> [What is needed]:
In this exercise, return the whole listing exactly, excluding any images.

> [Material provided]:
↓

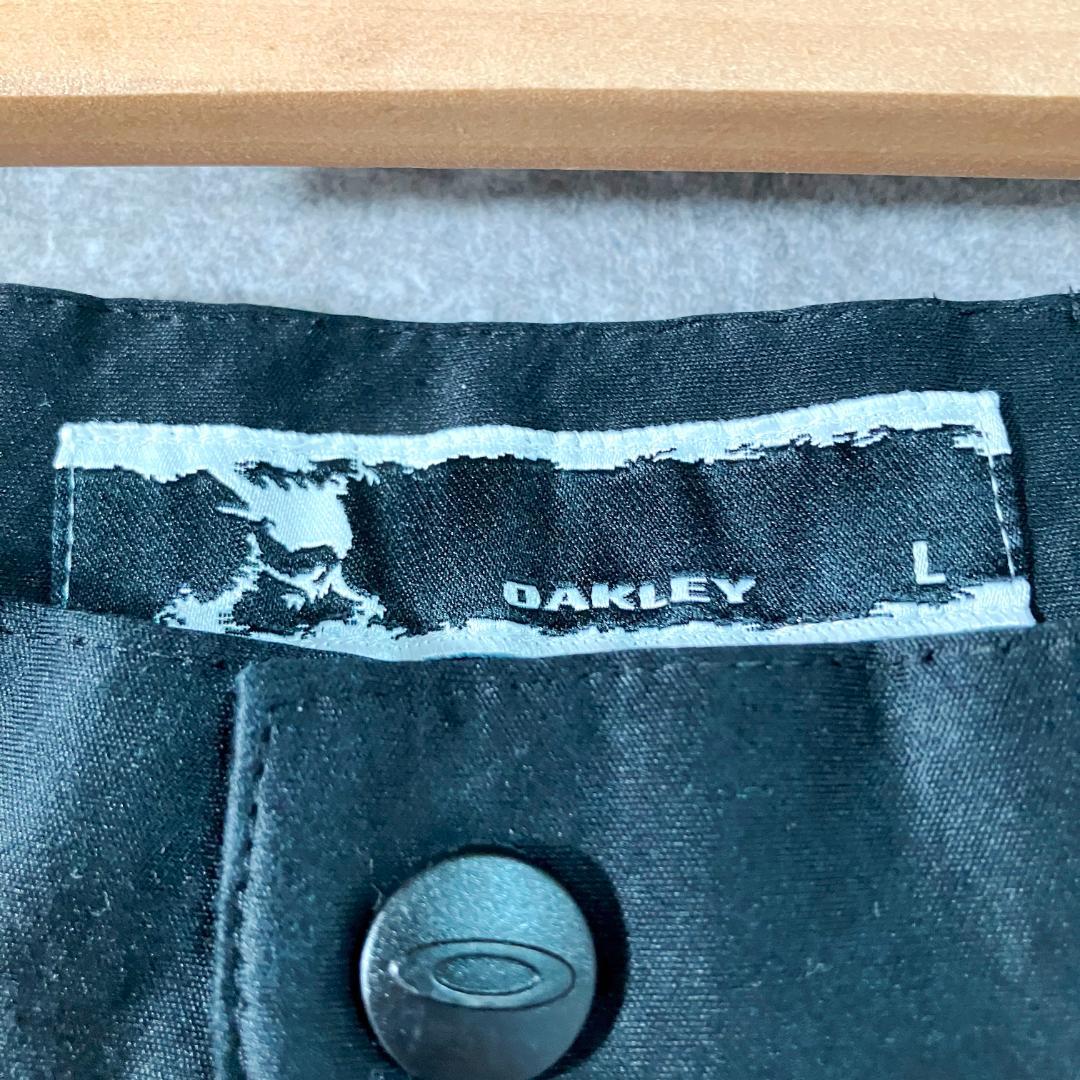OAKLEY　フィットネスパンツ　ブラック　ロゴ　刺繍　ジップアップ　ワイド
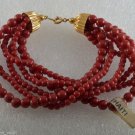 Vintage Bracelet Red Plastic Bead 6 Strand Made in Haiti Jewelry 7 1/2"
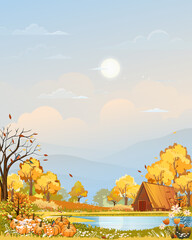 Autumn rural landscape in evening light with sunset, blue and orange sky background,Vector Cartoon fall season countryside with forest tree pumpkin on grass field with sunrise,Backdrop natural banner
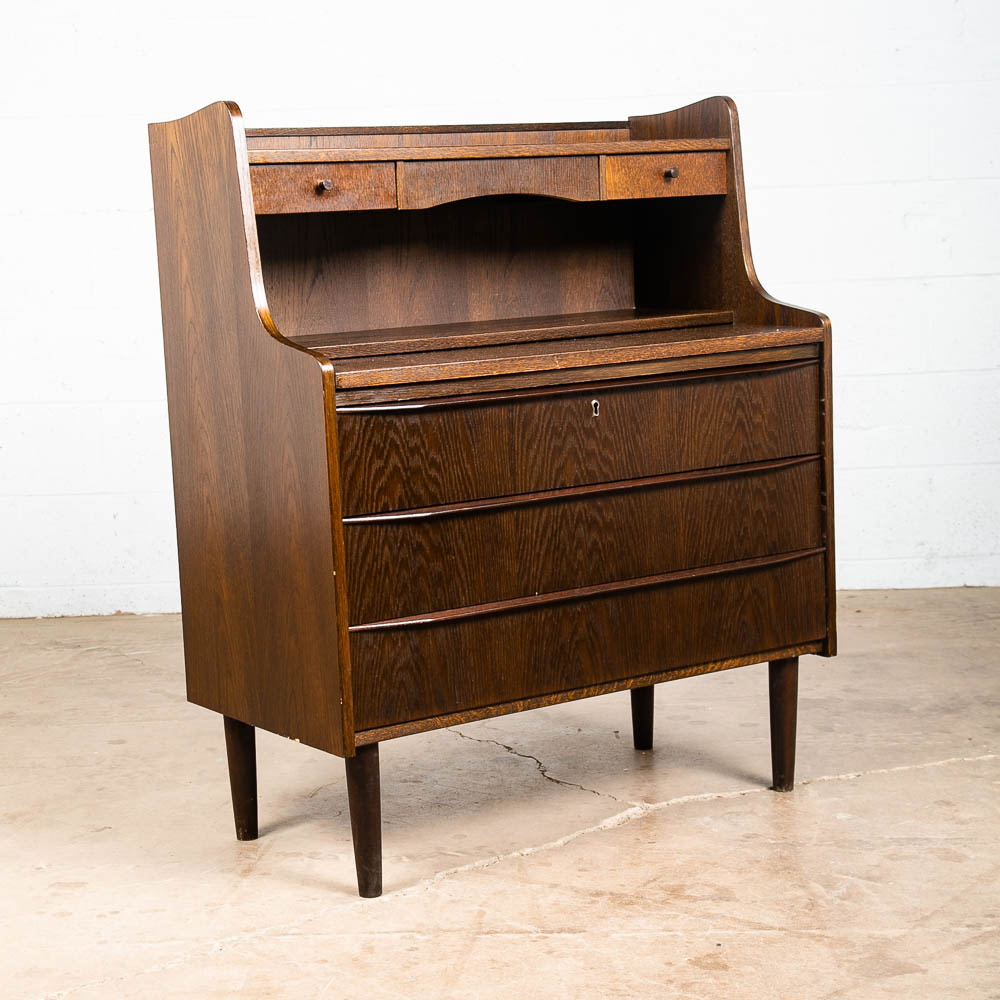Mid Century Danish Modern Secretary Desk Ebonized Oak Black Mirror Vanity Chest - Image 3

↑

> [Solved problem]:
OAKLEY　フィットネスパンツ　ブラック　ロゴ　刺繍　ジップアップ　ワイド
 Vintage Bracelet Red Plastic Bead 6 Strand Made in Haiti Jewelry 7 1/2"
 Autumn rural landscape in evening light with sunset, blue and orange sky background,Vector Cartoon fall season countryside with forest tree pumpkin on grass field with sunrise,Backdrop natural banner
Mid Century Danish Modern Secretary Desk Ebonized Oak Black Mirror Vanity Chest - Image 3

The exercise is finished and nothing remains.